Founded in 1804, essentially the Royal Watercolour Society originated as a protest group of watercolour artists who felt they were being poorly represented by the Royal Academy and were dissatisfied by the way in which their watercolour pictures were hung disadvantageously amongst the oil paintings. Also, the Royal Academy would not elect as their president an artist who painted only in watercolour.
This renegade group of artists therefore decided to form their own society for watercolours only and hence the Watercolour Society was born.
Another society calling itself the ‘New Society of Painters in Miniature and Watercolour’ was set up a couple of years later, and from this time the original group was called the ‘Old’ Watercolour Society, however later on they were given permission by Queen Victoria to use ‘Royal’ in their title, hence the name today ‘The Royal Watercolour Society’.

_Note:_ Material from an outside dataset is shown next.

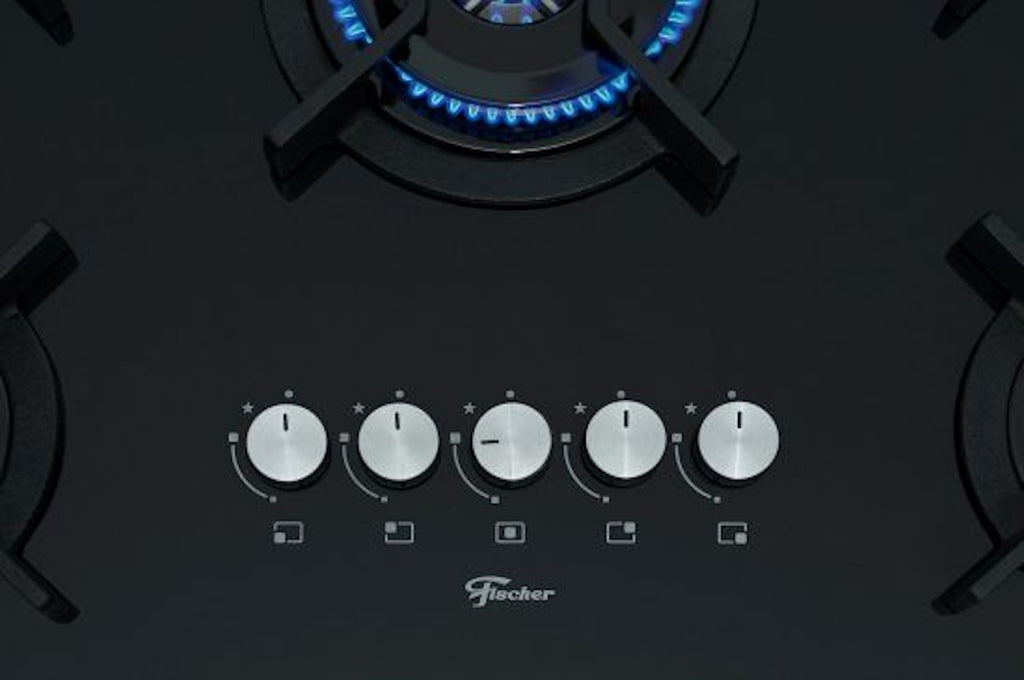 Cooktop à Gás Fischer 5 Bocas Infinity 26298-57077 Tripla Chama Grades em Ferro Fundido Vidro Preto Bivolt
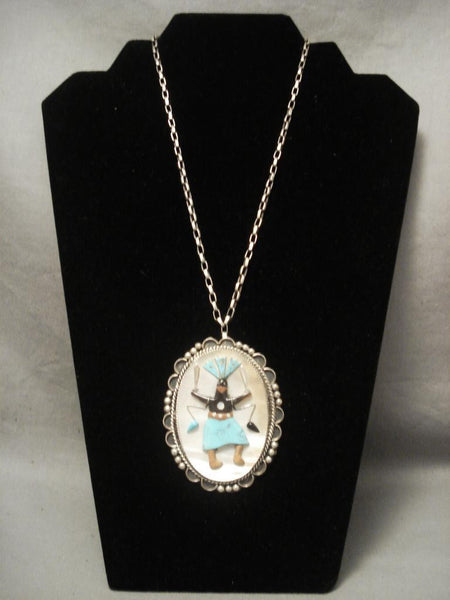 One Of The Largest Vintage Zuni Apache Danc Er Necklace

Founder members included John Varley, Joshua Cristall and George Barratt who were painters of landscape mostly in the Old Master tradition. Within a few years, David Cox, Peter de Wint and Copley Fielding joined the Society, bringing much needed vitality. As time went on artists such as William Hunt, Miles Birkett Foster, JF Lewis and Samuel Palmer also became members, and the society flourished. There was no coherent ‘RWS style’ and it was not a school of painting in the sense of the French or Italian schools.
Instead it was simply a society that many of the finest painters in watercolour of the time wanted to join, whose only relation to each other artistically was the fact that they had elected each other to membership. This tradition of electing members remains in place today and new members are elected by the current Membership of the Society based on the quality of their work alone.